Or posting a message on a Somerset Family History Forum?
Shame that so much is destroyed so readily.


----------



## Peter4447 (Jan 26, 2006)

In thanking those members who very kindly offered their assistance, I think I have now with the help of a very kind gentleman, been able to solve the mystery.
My understanding is that the West Somerset Shipping Company was formed around 1963 and it leased some of the West Pier in Watchet to undertake shipbreaking.
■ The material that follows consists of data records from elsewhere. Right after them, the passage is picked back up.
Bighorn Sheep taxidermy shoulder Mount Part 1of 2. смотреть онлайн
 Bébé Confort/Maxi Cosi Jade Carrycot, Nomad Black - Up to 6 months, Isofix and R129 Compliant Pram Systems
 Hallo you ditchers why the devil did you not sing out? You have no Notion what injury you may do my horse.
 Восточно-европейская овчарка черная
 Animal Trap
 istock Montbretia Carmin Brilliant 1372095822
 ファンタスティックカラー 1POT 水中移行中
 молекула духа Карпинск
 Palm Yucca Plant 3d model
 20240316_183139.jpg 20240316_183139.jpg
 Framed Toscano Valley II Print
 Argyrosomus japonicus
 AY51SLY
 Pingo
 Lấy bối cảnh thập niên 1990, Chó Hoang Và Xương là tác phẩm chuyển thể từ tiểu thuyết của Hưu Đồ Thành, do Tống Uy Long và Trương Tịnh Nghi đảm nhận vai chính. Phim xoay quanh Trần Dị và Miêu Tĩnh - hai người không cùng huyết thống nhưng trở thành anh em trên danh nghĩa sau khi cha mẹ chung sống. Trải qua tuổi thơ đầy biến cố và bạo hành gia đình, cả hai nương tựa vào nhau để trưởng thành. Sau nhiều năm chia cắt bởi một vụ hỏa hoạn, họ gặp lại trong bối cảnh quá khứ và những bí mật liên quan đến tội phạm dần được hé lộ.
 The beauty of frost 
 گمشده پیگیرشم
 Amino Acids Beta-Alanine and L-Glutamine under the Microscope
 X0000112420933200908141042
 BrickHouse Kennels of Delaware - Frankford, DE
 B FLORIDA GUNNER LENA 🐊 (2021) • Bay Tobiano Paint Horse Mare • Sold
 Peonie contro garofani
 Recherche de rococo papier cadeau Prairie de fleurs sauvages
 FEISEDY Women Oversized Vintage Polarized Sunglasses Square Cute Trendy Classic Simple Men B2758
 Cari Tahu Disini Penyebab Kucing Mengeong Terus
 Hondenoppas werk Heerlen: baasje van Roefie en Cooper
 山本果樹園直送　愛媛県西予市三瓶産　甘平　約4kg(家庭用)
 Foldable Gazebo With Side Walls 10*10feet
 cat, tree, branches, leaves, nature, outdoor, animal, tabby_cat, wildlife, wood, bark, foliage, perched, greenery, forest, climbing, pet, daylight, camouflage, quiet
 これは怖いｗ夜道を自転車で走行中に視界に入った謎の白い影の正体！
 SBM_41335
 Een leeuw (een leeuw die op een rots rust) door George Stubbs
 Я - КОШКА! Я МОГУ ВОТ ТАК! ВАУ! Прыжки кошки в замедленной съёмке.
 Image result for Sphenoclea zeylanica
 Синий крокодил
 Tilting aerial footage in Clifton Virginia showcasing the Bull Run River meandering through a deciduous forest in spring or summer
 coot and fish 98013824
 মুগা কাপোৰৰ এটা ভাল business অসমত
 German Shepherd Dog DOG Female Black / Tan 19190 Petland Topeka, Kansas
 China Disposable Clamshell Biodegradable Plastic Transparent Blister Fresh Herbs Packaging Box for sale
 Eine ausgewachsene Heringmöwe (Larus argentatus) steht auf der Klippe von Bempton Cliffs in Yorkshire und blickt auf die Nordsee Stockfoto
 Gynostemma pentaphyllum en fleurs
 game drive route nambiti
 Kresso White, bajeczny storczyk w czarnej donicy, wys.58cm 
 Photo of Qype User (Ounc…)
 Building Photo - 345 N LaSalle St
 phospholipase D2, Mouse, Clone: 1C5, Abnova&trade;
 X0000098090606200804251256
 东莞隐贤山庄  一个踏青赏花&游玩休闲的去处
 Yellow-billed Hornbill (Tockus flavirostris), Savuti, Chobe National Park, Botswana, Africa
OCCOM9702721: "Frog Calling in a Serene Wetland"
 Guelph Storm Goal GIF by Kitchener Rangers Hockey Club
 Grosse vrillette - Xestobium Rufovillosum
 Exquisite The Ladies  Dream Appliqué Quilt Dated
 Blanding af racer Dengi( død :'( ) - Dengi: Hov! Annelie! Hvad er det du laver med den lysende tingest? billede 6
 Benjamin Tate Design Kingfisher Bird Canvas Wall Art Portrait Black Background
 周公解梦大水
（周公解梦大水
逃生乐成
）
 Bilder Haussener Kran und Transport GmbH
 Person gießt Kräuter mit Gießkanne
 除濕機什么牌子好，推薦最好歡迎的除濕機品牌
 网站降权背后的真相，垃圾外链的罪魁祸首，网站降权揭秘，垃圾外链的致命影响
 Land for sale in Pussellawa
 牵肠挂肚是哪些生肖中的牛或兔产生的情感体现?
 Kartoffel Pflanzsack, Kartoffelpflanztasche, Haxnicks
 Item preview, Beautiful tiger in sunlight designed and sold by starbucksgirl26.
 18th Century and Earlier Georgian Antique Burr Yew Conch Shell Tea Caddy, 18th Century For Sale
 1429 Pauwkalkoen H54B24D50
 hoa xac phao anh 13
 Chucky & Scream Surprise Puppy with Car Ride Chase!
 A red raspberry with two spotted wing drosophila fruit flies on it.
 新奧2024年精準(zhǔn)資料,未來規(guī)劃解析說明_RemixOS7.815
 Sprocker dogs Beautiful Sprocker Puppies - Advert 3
This never happened and the only ship the Company ever handled was the Motor Barge Renwick which delivered a cargo of wheat to the port during a strike in the mid 1960's.
The MD of the Company was regarded by the locals as being somewhat eccentric and had a car that could travel on water and, as such, he would often drive it around the harbour waving at the onlookers.
The lease changed hands around 1967 and the Company would appear to have then been dormant until it was wound up in the early 70's. 
Again my thanks to all.
Peter4447(Thumb)


----------



## treeve (Nov 15, 2005)

So glad you have found the answer ....
I seem to remember the story of the man in the floating car, there was also someone in London with one that he used to cruise up the Thames.
Best Wishes, Raymond


----------



## treeve (Nov 15, 2005)

This may be detailed in the book by 
W H Norman: Tales of Watchet Harbour 2002


----------